**Brief**
From the first line to the last, set down the material exactly, leaving out its pictures.
**********
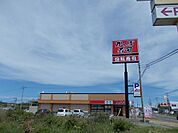 【その他】かっぱ寿司石脇店まで1000ｍ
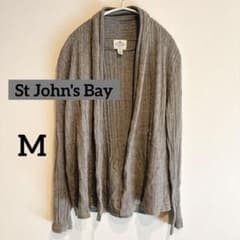 St John's Bay【M】グレー カーディガン ケーブル編み カジュアル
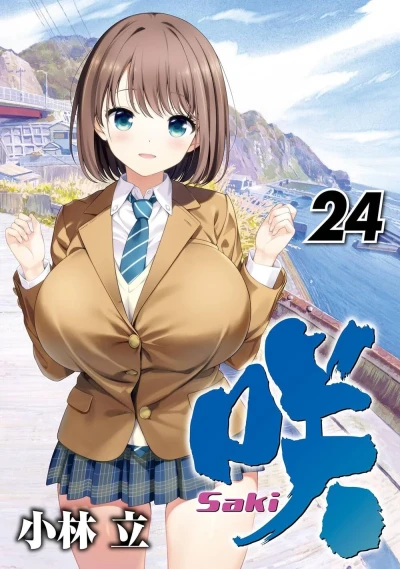 Cover of Vol. 24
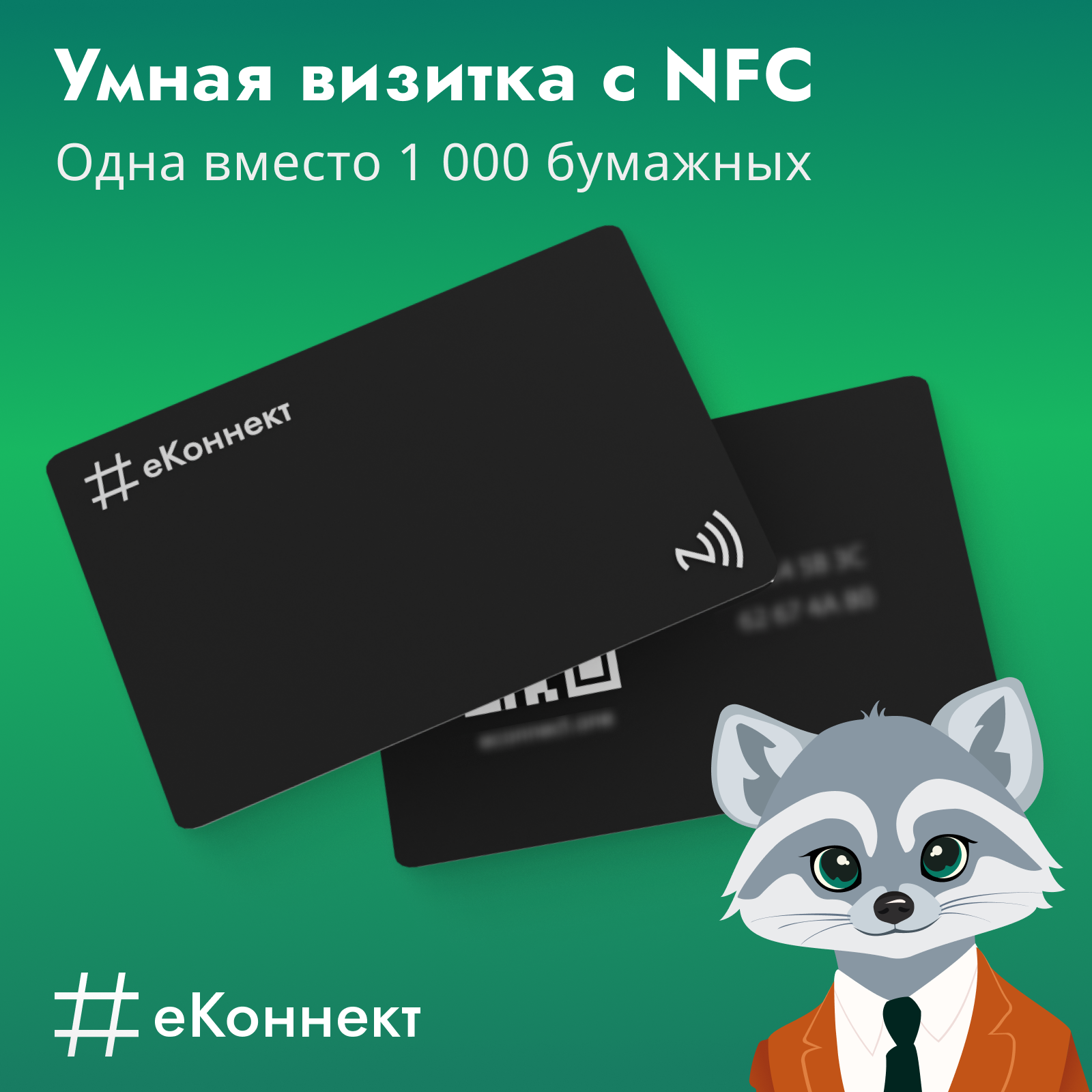 Умная визитка на NFC-карте, тариф "+1"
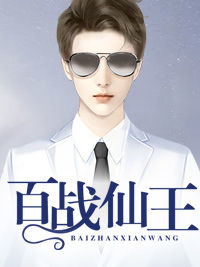 爱恨入骨，一梦浮生陈逸轩许雅欣完本完结小说_免费小说笔趣阁爱恨入骨，一梦浮生陈逸轩许雅欣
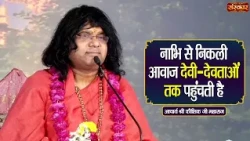 नाभि से निकली आवाज देवी-देवताओं तक पहुंचती है ! Kaushik Ji Maharaj | Sanskar TV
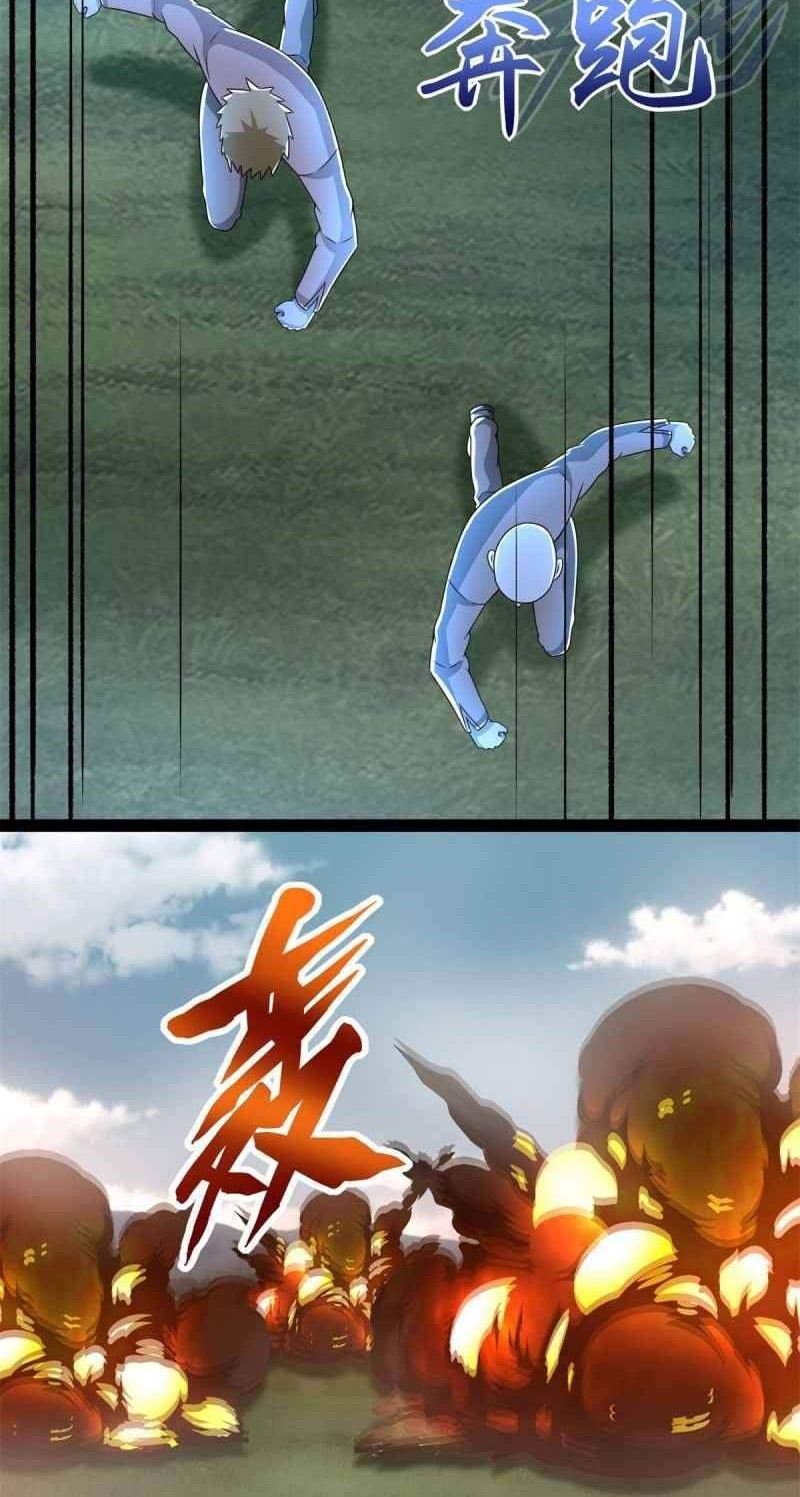 King of Apocalypse Chapter 359 Gambar 21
**********
**Result for this task**
 【その他】かっぱ寿司石脇店まで1000ｍ
 St John's Bay【M】グレー カーディガン ケーブル編み カジュアル
 Cover of Vol. 24
 Умная визитка на NFC-карте, тариф "+1"
 爱恨入骨，一梦浮生陈逸轩许雅欣完本完结小说_免费小说笔趣阁爱恨入骨，一梦浮生陈逸轩许雅欣
 नाभि से निकली आवाज देवी-देवताओं तक पहुंचती है ! Kaushik Ji Maharaj | Sanskar TV
 King of Apocalypse Chapter 359 Gambar 21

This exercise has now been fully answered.